Dans un communiqué relayé par plusieurs médias, l’AFC/M23 a revendiqué l’opération, affirmant avoir ciblé un centre de commandement de drones des FARDC installé à l’aéroport de Bangoka. Le mouvement rebelle soutient vouloir empêcher l’utilisation de cette plateforme pour des frappes contre les zones sous son contrôle.
Les autorités congolaises, de leur côté, dénoncent une nouvelle escalade sécuritaire mettant en danger les populations civiles et les activités aériennes dans la région. Déjà au début du mois de février puis en mars 2026, plusieurs attaques similaires avaient été signalées contre le même aéroport, sans provoquer officiellement de dégâts majeurs ni de pertes humaines. Les FARDC avaient alors annoncé avoir intercepté plusieurs drones avant qu’ils n’atteignent leurs cibles.

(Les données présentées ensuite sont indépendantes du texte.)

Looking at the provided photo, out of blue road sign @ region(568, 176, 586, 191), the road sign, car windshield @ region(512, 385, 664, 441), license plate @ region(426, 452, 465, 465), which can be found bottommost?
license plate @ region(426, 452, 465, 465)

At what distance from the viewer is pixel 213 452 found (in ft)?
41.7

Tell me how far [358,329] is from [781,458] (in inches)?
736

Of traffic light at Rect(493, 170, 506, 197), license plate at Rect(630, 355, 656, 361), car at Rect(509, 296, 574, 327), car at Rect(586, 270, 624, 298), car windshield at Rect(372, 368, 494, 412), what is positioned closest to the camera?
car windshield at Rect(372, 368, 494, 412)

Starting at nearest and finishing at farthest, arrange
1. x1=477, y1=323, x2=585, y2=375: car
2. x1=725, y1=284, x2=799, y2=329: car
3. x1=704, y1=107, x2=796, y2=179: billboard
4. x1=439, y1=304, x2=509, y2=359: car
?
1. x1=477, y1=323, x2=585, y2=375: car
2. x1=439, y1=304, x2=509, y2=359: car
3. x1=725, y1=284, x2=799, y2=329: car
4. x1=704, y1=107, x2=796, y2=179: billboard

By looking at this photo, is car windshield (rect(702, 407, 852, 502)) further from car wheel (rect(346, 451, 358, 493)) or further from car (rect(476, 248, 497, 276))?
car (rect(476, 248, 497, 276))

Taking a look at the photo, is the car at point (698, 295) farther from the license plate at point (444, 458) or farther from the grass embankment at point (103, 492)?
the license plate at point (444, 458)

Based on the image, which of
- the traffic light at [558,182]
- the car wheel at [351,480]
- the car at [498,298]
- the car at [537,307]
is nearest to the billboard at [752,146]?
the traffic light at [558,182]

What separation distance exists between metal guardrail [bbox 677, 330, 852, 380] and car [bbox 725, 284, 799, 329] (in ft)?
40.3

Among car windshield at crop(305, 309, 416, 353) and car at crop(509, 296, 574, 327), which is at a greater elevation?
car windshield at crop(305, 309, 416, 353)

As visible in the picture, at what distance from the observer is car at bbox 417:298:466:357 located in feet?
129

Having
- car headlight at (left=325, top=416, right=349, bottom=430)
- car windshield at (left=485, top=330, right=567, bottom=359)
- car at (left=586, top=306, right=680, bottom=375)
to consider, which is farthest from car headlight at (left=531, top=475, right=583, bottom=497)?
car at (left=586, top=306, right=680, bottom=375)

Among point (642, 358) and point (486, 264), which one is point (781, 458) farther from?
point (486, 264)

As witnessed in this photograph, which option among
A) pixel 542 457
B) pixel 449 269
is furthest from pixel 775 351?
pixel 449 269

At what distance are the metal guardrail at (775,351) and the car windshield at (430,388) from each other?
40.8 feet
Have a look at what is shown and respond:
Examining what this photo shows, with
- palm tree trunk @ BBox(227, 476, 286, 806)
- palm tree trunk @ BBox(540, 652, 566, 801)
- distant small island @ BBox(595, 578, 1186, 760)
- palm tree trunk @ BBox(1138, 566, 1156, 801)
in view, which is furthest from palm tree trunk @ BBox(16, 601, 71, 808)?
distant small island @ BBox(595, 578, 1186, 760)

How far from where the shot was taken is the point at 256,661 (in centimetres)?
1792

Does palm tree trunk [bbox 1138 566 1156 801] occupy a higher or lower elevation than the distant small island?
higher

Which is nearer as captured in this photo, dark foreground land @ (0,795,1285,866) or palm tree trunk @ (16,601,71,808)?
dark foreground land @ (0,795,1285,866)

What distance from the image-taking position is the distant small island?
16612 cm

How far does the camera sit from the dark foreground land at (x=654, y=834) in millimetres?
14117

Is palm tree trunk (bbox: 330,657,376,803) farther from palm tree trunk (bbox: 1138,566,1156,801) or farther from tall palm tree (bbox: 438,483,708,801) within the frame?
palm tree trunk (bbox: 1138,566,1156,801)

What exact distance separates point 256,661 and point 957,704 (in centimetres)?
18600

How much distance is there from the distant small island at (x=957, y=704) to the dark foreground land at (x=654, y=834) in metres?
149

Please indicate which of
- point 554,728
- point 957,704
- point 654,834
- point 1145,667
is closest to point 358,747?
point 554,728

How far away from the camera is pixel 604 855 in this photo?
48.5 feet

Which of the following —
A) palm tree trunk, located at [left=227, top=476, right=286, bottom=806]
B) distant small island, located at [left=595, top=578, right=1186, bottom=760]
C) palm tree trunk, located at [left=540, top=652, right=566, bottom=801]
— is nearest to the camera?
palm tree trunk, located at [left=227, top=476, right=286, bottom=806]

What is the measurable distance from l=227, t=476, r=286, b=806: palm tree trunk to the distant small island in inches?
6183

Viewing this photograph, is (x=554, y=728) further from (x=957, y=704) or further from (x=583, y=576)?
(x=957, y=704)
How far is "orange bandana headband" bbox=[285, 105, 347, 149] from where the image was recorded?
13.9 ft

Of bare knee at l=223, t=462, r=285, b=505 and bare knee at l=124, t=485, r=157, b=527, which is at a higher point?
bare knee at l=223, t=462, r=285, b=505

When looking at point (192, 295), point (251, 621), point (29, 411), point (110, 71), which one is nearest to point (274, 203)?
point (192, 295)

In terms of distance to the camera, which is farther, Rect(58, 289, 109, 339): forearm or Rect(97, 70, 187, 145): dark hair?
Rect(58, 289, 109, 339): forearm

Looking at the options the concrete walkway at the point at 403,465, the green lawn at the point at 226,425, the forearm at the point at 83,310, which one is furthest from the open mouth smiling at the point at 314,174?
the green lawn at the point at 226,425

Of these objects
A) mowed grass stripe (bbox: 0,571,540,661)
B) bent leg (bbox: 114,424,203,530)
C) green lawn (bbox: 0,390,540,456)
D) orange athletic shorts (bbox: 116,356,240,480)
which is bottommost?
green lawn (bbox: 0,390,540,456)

Situé à une vingtaine de kilomètres du centre-ville de Kisangani, l’aéroport international de Bangoka constitue une infrastructure stratégique majeure de la RDC. Il sert aussi bien aux vols civils qu’aux opérations militaires et logistiques.
Cette attaque intervient dans un contexte régional particulièrement tendu, alors que les affrontements persistent dans l’Est de la RDC malgré plusieurs initiatives diplomatiques et des discussions de cessez-le-feu engagées sous médiation internationale.